Here's a sobering statistic: two out of every five people will be involved in a drunk driving crash in their lifetime. Some of these crashes are minor fender-benders, and some of them result in serious injury or even death.
Think of your four closest friends or family members. In the course of your lifetimes, two of you will have contact with a drunk driver, possibly even with tragic consequences.
What constitutes drunk driving?
Nationwide, driving with a Blood Alcohol Content (BAC) at or above 0.08 percent is considered a crime, though specific laws and penalties vary from state to state.
If you're a victim of a drunk driver
Accidents related to drunk driving occur every 45 minutes in the United States. If you happen to be one of the unfortunate people hit by a drunk driver, there are steps you can take to preserve your legal rights.
- Call 911 - If you are able, summon emergency assistance from police and paramedics. If you are injured, medical personnel will treat you and document your injuries, and law enforcement personnel will document the accident scene.
- Document the accident - This is where your smartphone will come in handy. Photos taken of the accident scene, as well as contact information of any witnesses, can be useful.
- Contact your insurance company - Reporting an accident in which you are not at fault will help you to claim benefits due to you according to your insurance contract. Your insurance company can also help navigate the claim with the other driver's insurance company.
- Obtain a copy of the accident report - Reviewing the report filed by law enforcement will allow you to spot wrong information and request necessary corrections from the responding agency. Be sure to double check such items as time of day, road conditions, accident specifics, and other driver's condition. If the other driver was ticketed or taken into custody, make sure the accident report states this fact. If you were attended to by medical personnel, obtain a copy of their report, as well.

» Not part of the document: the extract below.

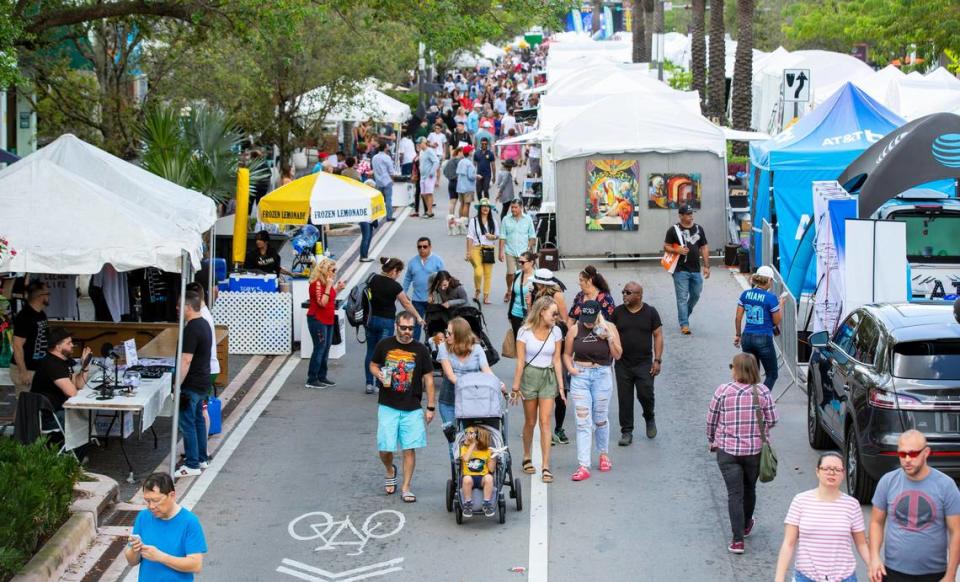 Decenas de personas caminando por la calle durante el Carnaval en la Milla en Miracle Mile, en Coral Gables, el 7 de marzo de 2020. A pesar de los nuevos casos de coronavirus registrados en el sur de la Florida, los asistentes no se inmutaron y continuaron con sus planes de fin de semana.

- Have your injuries documented by a physician - Even with on-scene medical treatment, some injuries may not become apparent right away. Having your doctor examine you and document any pain or injuries that result from the accident is important if you need to seek legal recourse.
Contacting an attorney
An attorney can help you to receive compensation for:
- Medical expenses
- Pain & suffering
- Lost wages
- Property damage
An experienced attorney will examine the information you've collected and the facts regarding the accident and determine if you have a valid case.
Criminal Suit vs. Civil Suit
A drunk driver may face criminal charges stemming from the accident and if convicted can face jail time as well as being required to provide compensation for his or her actions. However, while a criminal suit is designed to protect the public at large from future harm, a civil suit is an injury lawsuit filed by a victim or victim's family to hold the drunk driver financially accountable for his or her actions. If you or someone in your family are injured by a drunk driver, a civil suit can help you to recover losses for medical treatment, lost wages, damaged property, and other economic damages as well as compensation for pain and suffering.
Remember, even if a drunk driver faces criminal charges in your accident, only a civil claim will ensure that you are properly compensated for your injuries. Pursuing a civil suit against the drunk driver is the only way to assure that the damages and loss that you have suffered will be appropriately and legally addressed. An experienced attorney will examine the facts related to the accident and develop a case that focuses strictly on your loss, separate from any criminal charges the drunk driver may face.
If you've been hit by a drunk driver, you should not rely solely on the criminal courts to protect and preserve your legal rights. An attorney experienced in drunk driving cases will help you to receive the compensation to which you are entitled.